Why should I pay for Google traffic, if I already have plenty of organic?
Search engines have been around for long enough to declare this an old age question in my opinion. I hear this from business owners, marketing managers, digital specialist, etc. There still continues to be two sides of the search engine to be on. Paid or Organic. And if you’re on the organic side then you might argue that the content you’re producing along with site upgrades to decrease page load times, increase site speed, develop responsiveness to screen sizes–the list goes on–all these things are increasing your site traffic month over month on search engines so why would you ever PAY for traffic from search engines?
That’s actually a pretty strong argument, right?
Once your site is completely optimized (optimization never ends) for search engines, you rank higher on the page and do see more traffic, but you cannot control where this traffic comes from. If you’ve done your diligence in setting up analytics, you will see where your traffic comes from and you will see those different areas convert at a different rate. Good information to know. But, there is little you can do to influence where that traffic comes from.
You’re also at the helms of the search engine itself to match the user’s search to your website. Of course you have optimized your keywords from trends and maybe you A/B tested content to know what content you should have on your site, but you may still rank low for extremely competitive searches and you can’t reasonably include enough content to rank for all searches that are relevant to your business. Think about all these searches and what pages of your site they send users to. You can A/B test landing pages with a conversion optimizer like Optimizely (and should be), but not for every page of your website and you don’t want to risk your rankings making page changes all the time. Stability is the key to organic search.
Now consider all the investment into your SEO strategy and the return you are seeing. Although the clicks you receive are free, the investment to receive those clicks is not. This is a recurring investment as is any marketing effort that works.
So if you’re investing to receive these clicks, wouldn’t you want to see what happens when you invest in clicks AND have complete control?
When I say complete control, I mean:
- Time of day
- Days of the weeks
- Mobile vs Desktop
- Zip codes/cities/states
- People who already visited your site
- People on your email list (valuable searches, right?)
- People searching for your competitors brand names (good idea)
- Landing pages of any click (sweet!)
- The content in the listing people see on search engines (those different areas promotions)
- Rank at the top of the page for any search (more discussion on the topic to come)

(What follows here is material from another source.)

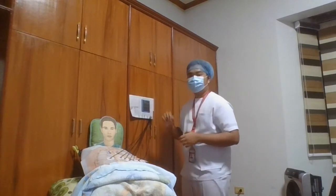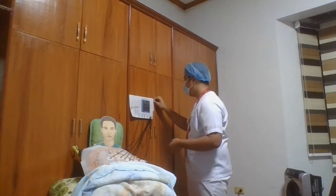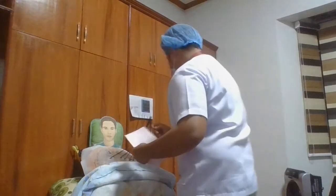We're going to turn on and activate the machine. And then now we're going to review the printout of the EKG to verify that the tracings are clear and confirm the absence of artifact. If artifact is observed, we're going to repeat the recording after checking.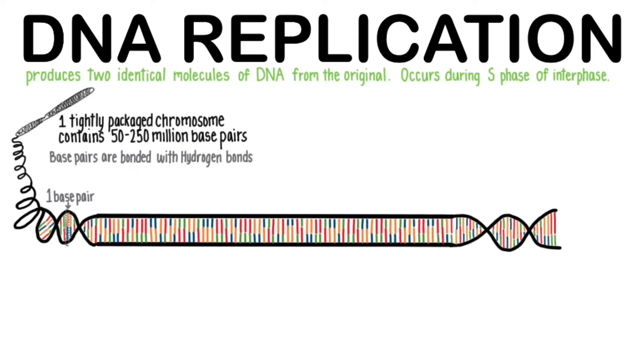DNA is oriented with anti-parallel strands. One end is oriented 5' to 3', and the complementary strand is oriented 3' to 5'. To understand what 5' and 3' means, let's look at the part of DNA's backbone called the deoxyribose sugar. The carbons are numbered 1' to 5', starting with the carbon that binds the base.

Let’s say you’re a small business offering a service and your market is the city where you operate. You see online leads coming from several surrounding neighborhoods, but you really want to grow your business in specific neighborhoods. With paid traffic, you can target specific zip codes and control the message in your search engine listing to mention those neighborhoods making them hyper-relevant. You can then send those clicks to a landing page showcasing your service provided in those neighborhoods specifically.
Now, that’s a pretty strong argument, too.
The truth is you need both organic and paid traffic. They work together. Your investment into site upgrades and content will improve your return on paid traffic, it will directly lower the cost of your paid traffic through improving your quality scores (a PPC term). You’ll use paid traffic as an immediate return on investment as well. Changes from SEO take time to increase traffic and see a return whereas paid traffic is like flipping a switch to drive users to your site with immediate return.
What are you experiences with paid and organic traffic? Are you leveraging them together?